The Florida bill, if passed, would bar teacher-led discussions of gender identity and sexual orientation in kindergarten through 3rd grade. The restriction is debatable but should be viewed in light of teachers instructing 6 and 7 year olds to reconsider their gender identities if their behavior doesn’t conform to stereotypes for boys and girls. So, is it really a “don’t say gay” bill, as the Human Rights Campaign charges (think fundraising), or a move that will protect lesbian and gay kids from being told they’re in the wrong bodies.
Today’s gender ideology is premised on the widespread assertion of gender identity drawn from gender stereotypes, and is far distant from anything to do with the small number of people who might actually be considered transsexual.

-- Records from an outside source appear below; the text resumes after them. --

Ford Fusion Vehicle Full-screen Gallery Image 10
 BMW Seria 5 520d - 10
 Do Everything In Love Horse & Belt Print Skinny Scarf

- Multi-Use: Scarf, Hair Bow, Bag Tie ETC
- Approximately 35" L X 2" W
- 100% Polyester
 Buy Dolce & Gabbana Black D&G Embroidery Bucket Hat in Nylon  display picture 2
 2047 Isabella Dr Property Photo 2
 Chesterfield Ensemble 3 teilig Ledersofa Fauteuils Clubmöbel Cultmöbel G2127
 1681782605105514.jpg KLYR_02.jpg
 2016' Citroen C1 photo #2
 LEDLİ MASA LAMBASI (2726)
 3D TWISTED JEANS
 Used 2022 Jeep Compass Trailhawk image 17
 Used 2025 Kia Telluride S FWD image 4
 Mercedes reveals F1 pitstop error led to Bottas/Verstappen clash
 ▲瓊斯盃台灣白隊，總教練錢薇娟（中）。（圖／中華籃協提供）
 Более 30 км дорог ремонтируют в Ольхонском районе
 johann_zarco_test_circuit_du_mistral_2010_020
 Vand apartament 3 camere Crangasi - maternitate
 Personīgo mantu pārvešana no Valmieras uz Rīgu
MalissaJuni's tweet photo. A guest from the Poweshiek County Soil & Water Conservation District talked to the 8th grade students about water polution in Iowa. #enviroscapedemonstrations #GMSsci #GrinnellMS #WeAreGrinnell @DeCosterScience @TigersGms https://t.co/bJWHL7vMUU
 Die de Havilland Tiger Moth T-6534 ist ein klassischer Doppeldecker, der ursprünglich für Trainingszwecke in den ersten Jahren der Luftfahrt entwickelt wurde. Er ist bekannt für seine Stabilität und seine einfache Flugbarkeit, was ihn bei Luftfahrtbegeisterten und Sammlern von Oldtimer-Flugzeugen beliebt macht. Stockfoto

Wright backs up his argument:
Gender activists believe that being a man or a woman requires embracing stereotypes of masculinity or femininity, respectively … A recent New York Times piece refers to “men, women and gender nonconforming people,” as though gender nonconformity were incompatible with being a man or a woman. According to the Genderbread Person, a popular educational tool for teaching young children about gender identity, the properties of “man-ness” and “woman-ness” include certain stereotypical “personality traits, jobs, hobbies, likes, dislikes, roles, [and] expectations.”
The clear message of gender ideology is that, if you’re a female who doesn’t “identify with” the social roles and stereotypes of femininity, then you’re not a woman; if you’re a male who similarly rejects the social roles and stereotypes of masculinity, then you’re not a man.